(Short web captions)
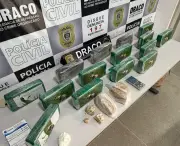 Mulher presa com 20 kg de maconha para tráfico no São João de Campina Grande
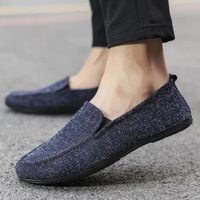 Chaussures décontractées à enfiler pour hommes YTisabella™ - Bleu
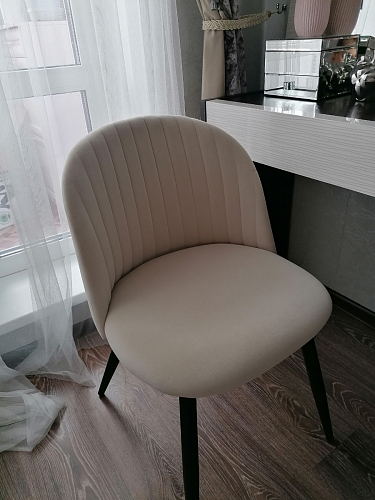 Стул на металлокаркасе Gabi green / black / silver фото покупателя 345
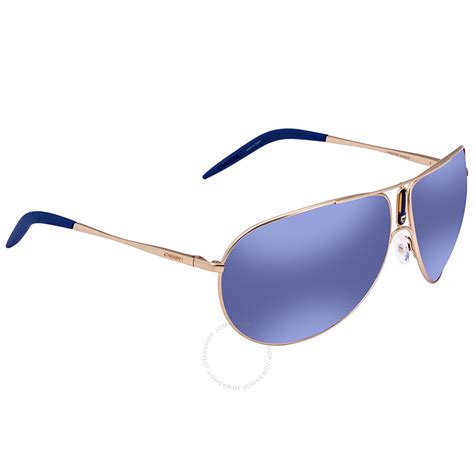 Carrera Blue Sky Mirror Pilot Sunglasses Gipsys Aoz 64 762753464330 Sunglasses Jomashop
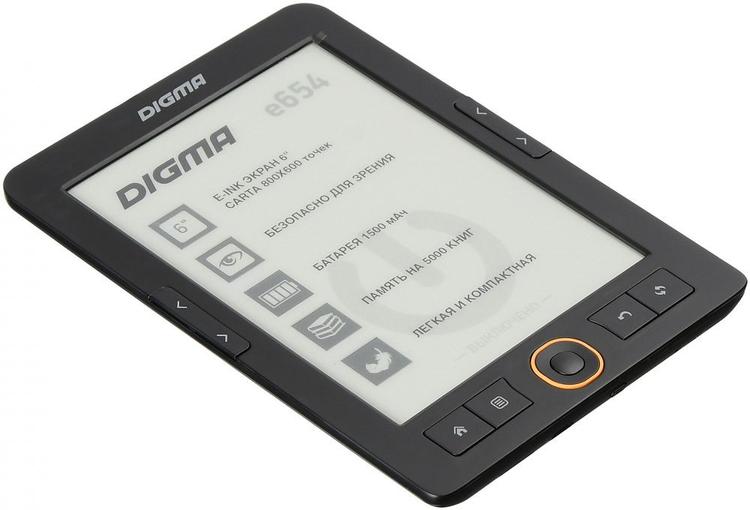 Электронная книга Digma E654 6", темно-серый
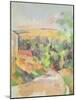 The Bend in the Road, 1900-06-Paul Cézanne-Mounted Giclee Print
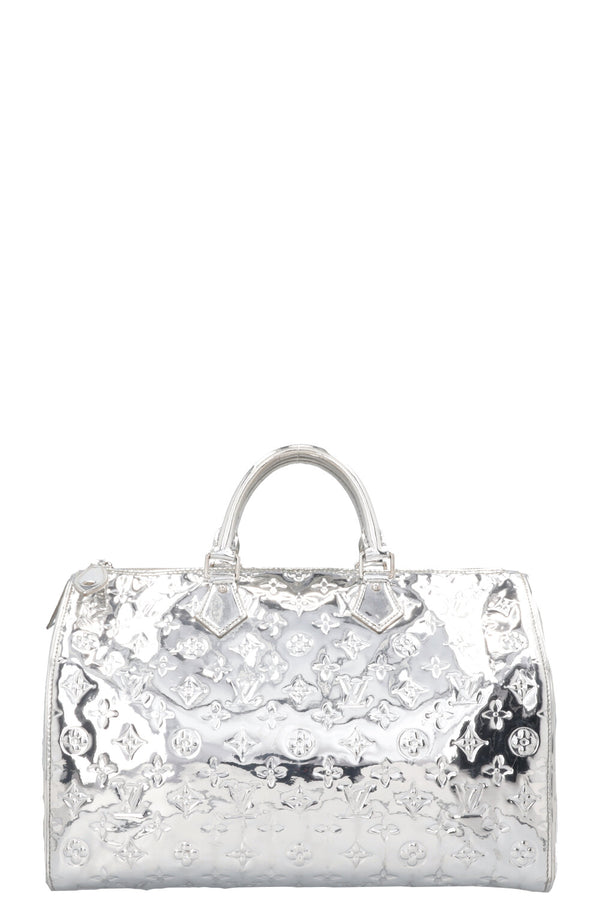 LOUIS VUITTON Speedy 35 Miroir Argent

## YOUR OBJECTIVE
Pictures do not belong in your copy; restate word for word the lines from the one containing "Электронная книга Digma" through the last line of the records above.

## OUTPUT OF THE EXERCISE
 Электронная книга Digma E654 6", темно-серый
 The Bend in the Road, 1900-06-Paul Cézanne-Mounted Giclee Print
 LOUIS VUITTON Speedy 35 Miroir Argent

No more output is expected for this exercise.